Data excerpts:
——

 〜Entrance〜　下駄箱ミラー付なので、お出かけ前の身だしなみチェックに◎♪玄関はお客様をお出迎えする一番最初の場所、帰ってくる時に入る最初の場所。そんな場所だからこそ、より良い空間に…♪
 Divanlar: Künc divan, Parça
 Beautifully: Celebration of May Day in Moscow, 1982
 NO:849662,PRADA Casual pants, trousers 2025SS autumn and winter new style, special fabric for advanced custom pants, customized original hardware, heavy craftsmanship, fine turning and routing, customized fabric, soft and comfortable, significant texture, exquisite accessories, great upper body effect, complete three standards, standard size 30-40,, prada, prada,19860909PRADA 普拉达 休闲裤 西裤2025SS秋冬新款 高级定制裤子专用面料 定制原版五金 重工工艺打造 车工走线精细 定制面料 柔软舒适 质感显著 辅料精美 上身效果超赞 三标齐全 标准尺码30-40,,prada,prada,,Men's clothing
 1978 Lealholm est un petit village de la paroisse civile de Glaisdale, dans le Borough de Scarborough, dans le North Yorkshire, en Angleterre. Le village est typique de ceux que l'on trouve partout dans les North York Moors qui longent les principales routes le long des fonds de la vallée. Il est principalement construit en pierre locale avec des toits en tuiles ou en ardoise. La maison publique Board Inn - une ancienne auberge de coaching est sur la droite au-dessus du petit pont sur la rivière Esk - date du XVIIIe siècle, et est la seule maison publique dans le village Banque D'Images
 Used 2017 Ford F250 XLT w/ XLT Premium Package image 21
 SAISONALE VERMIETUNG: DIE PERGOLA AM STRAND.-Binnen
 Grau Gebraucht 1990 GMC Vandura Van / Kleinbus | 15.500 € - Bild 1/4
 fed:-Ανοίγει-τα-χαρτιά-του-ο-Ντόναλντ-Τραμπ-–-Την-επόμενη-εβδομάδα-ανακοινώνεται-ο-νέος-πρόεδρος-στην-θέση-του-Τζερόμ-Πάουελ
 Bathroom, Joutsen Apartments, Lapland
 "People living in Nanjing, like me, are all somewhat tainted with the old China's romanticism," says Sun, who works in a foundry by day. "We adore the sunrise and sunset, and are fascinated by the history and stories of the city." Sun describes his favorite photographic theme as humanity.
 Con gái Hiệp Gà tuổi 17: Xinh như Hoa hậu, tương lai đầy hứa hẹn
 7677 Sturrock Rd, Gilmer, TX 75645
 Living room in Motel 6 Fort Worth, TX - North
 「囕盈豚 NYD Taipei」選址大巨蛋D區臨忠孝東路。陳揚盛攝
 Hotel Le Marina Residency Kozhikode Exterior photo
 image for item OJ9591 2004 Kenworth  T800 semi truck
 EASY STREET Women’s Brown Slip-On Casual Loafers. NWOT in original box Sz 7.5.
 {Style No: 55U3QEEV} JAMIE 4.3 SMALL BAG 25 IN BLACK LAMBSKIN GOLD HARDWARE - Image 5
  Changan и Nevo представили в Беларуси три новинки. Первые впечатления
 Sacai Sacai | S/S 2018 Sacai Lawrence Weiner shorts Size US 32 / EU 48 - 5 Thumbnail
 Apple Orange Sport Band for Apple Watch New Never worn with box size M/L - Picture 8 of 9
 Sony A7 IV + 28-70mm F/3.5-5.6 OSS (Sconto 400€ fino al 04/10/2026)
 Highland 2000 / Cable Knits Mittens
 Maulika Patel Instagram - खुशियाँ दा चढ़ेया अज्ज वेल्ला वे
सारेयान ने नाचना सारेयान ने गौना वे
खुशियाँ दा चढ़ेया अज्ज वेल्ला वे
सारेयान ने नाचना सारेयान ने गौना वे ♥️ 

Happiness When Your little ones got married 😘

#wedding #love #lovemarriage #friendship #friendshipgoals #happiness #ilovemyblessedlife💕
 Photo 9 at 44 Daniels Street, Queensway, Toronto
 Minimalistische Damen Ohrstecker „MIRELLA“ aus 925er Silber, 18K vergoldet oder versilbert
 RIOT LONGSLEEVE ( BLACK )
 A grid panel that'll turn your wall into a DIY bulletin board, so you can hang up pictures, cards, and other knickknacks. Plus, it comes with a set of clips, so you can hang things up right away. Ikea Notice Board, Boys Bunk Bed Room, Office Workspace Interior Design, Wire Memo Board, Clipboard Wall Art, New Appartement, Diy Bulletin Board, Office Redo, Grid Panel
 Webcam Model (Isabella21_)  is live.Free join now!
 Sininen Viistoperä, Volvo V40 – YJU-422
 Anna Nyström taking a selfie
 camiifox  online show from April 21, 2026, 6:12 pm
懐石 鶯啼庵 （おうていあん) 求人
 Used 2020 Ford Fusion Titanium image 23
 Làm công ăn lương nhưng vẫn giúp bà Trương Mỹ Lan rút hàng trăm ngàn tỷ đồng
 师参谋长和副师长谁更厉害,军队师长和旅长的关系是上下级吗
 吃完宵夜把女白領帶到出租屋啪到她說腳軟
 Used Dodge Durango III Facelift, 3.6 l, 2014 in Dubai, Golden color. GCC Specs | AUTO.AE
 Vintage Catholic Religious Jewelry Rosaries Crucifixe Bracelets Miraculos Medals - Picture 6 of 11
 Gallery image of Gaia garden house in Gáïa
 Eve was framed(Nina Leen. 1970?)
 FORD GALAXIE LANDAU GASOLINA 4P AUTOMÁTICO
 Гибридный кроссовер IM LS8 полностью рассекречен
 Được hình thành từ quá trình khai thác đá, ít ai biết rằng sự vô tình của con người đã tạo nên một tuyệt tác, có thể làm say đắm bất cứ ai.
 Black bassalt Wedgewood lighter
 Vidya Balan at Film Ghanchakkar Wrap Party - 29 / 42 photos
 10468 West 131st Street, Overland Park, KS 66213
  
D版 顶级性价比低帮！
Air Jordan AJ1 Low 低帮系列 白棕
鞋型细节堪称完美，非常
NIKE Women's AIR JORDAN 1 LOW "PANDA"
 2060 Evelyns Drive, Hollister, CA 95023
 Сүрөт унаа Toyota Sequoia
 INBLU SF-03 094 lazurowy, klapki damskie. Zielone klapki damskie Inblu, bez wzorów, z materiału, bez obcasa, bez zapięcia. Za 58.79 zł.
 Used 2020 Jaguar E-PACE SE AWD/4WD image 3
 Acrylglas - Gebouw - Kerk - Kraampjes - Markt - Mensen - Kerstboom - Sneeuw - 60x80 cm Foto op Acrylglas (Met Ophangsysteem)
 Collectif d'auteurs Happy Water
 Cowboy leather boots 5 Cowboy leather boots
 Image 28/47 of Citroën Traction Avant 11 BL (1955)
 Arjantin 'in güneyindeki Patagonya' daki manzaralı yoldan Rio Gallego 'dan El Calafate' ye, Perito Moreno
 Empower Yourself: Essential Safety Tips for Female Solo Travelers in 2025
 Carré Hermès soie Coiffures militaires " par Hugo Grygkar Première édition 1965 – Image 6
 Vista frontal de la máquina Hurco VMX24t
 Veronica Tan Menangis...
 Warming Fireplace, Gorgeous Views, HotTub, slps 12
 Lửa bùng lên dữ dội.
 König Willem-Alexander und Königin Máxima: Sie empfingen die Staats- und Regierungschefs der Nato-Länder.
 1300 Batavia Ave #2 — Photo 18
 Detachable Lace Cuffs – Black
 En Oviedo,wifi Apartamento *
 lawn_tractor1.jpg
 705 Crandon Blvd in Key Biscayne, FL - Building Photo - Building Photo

——

Exercise brief: Copy out the lines above with "Board" in them.

Result of the task:
 1978 Lealholm est un petit village de la paroisse civile de Glaisdale, dans le Borough de Scarborough, dans le North Yorkshire, en Angleterre. Le village est typique de ceux que l'on trouve partout dans les North York Moors qui longent les principales routes le long des fonds de la vallée. Il est principalement construit en pierre locale avec des toits en tuiles ou en ardoise. La maison publique Board Inn - une ancienne auberge de coaching est sur la droite au-dessus du petit pont sur la rivière Esk - date du XVIIIe siècle, et est la seule maison publique dans le village Banque D'Images
 A grid panel that'll turn your wall into a DIY bulletin board, so you can hang up pictures, cards, and other knickknacks. Plus, it comes with a set of clips, so you can hang things up right away. Ikea Notice Board, Boys Bunk Bed Room, Office Workspace Interior Design, Wire Memo Board, Clipboard Wall Art, New Appartement, Diy Bulletin Board, Office Redo, Grid Panel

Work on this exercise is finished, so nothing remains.